── THE DATA ──

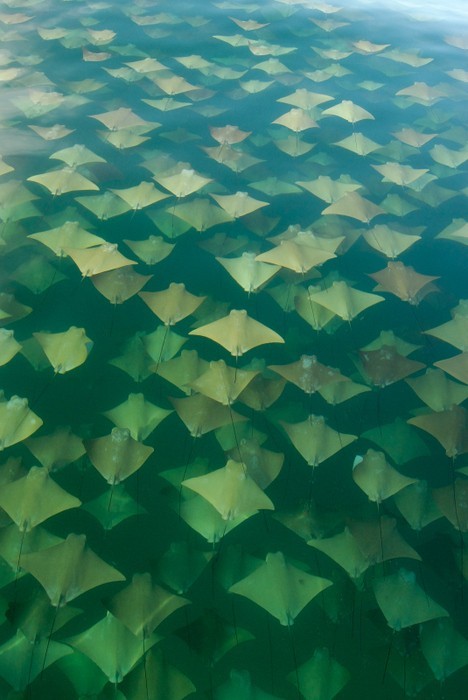 Manta ray migration off the Mexican coast by: Sandra Citrelli 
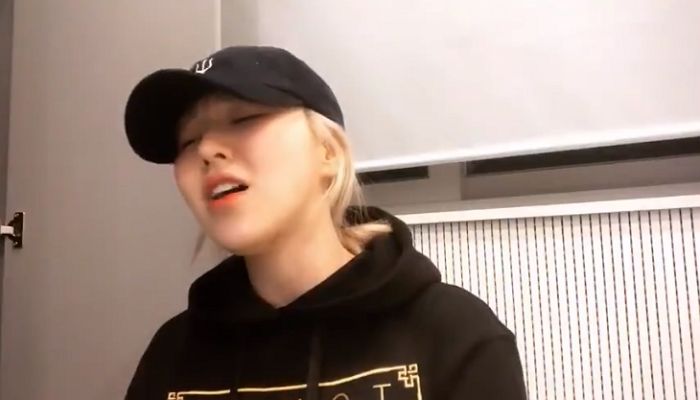 인사이트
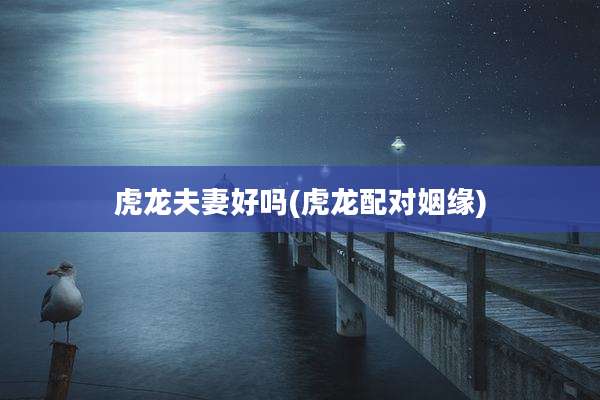虎龙夫妻好吗(虎龙配对姻缘)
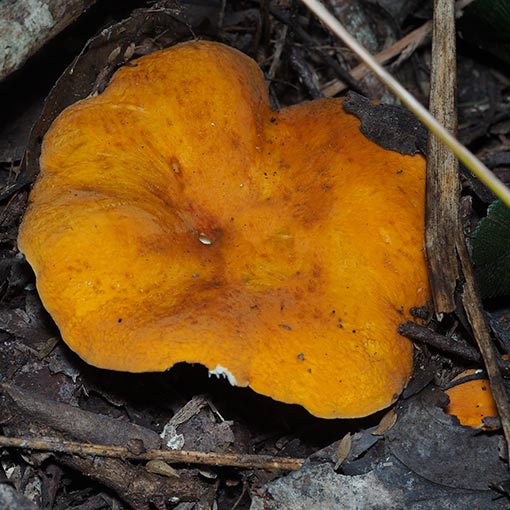 Lactarius clarkeae, fungi, Tasmania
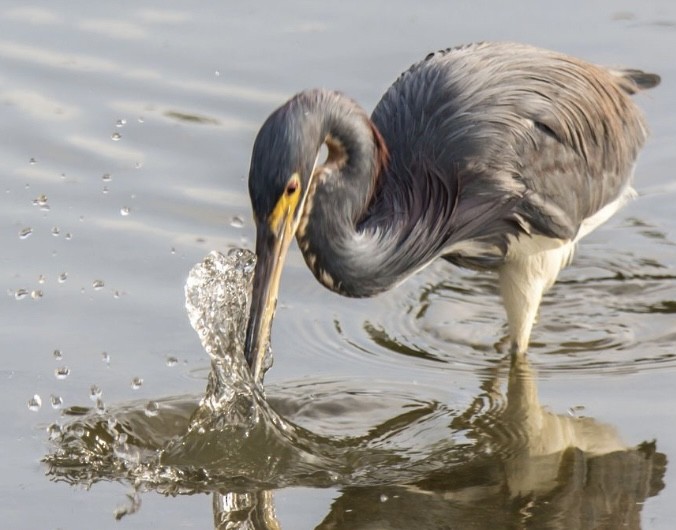 Tricolored Heron - ML646613112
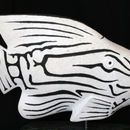 fish patterns 2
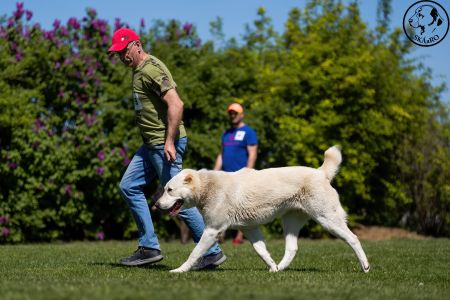 59. 	Suka	Stredná	RENESMEE TENERIS IZARA	V3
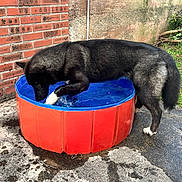 Vakira participe au concours pour gagner de l'argent avec cette photo : dog, black_dog, outdoor, water, pool, kiddie_pool, paw, curious, brick_wall, concrete, wet, splash, playful, pet, animal, canine, side_view, daylight, grass, nature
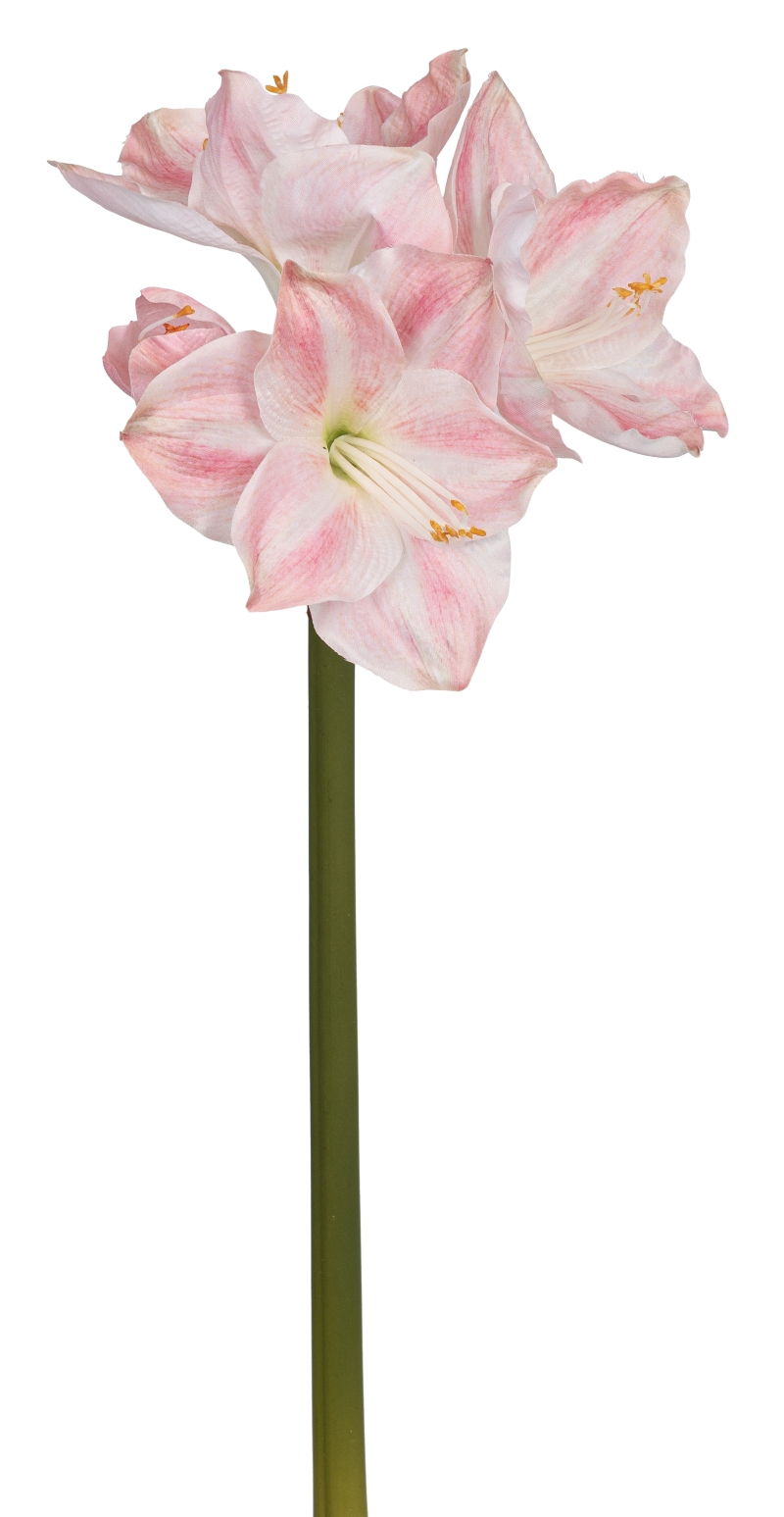 Amaryllis x 4 63cm Blütenkopf Ø ca. 4/14cm Farbe: rosé
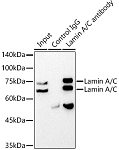 Western blot - [KO Validated] Lamin A/C Rabbit mAb (A19524)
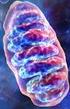 Mitochondrium a śmierć komórki Mitochondria and cell death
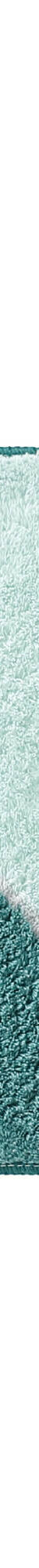 Tapis de bain motif végétal (lagon) Tapis de bain motif végétal (lagon)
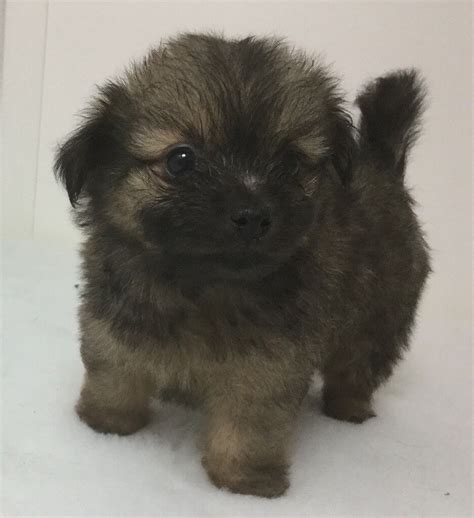 La Pom Puppies For Sale Lhasa Apso X Pomeranian Beautiful Balls Of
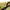 Gramicci Y2K Short Pria yellow photo 5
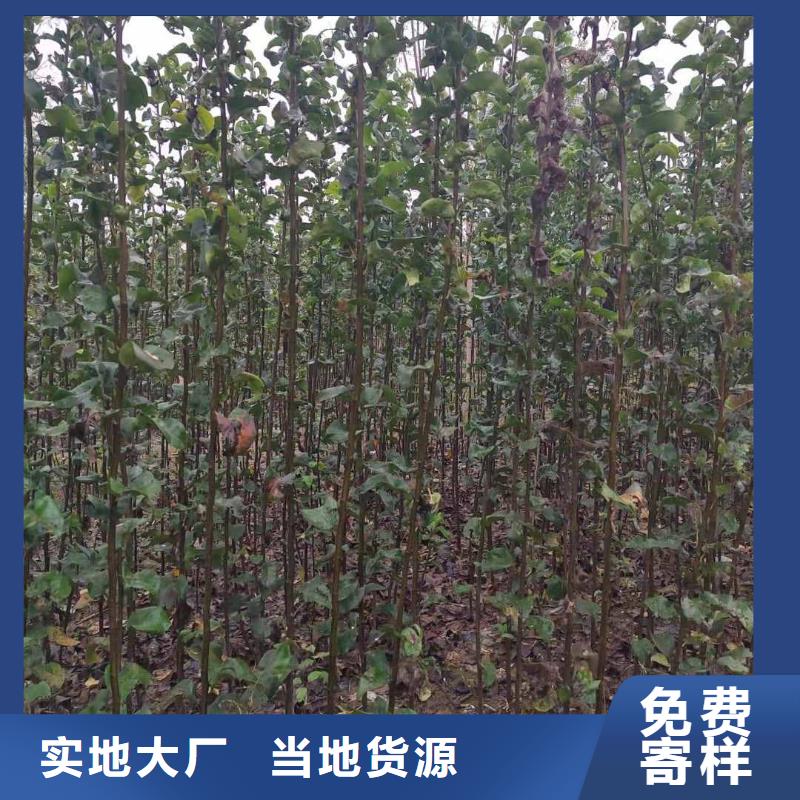 梨秋月梨树苗实力雄厚品质保障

───

**WORK INSTRUCTIONS**.
Leaving pictures out, output the lines of the data above from the one with "fish patterns 2" through the one with "Mitochondrium a śmierć", word for word.

**EXPECTED OUTPUT**.
 fish patterns 2
 59. 	Suka	Stredná	RENESMEE TENERIS IZARA	V3
 Vakira participe au concours pour gagner de l'argent avec cette photo : dog, black_dog, outdoor, water, pool, kiddie_pool, paw, curious, brick_wall, concrete, wet, splash, playful, pet, animal, canine, side_view, daylight, grass, nature
 Amaryllis x 4 63cm Blütenkopf Ø ca. 4/14cm Farbe: rosé
 Western blot - [KO Validated] Lamin A/C Rabbit mAb (A19524)
 Mitochondrium a śmierć komórki Mitochondria and cell death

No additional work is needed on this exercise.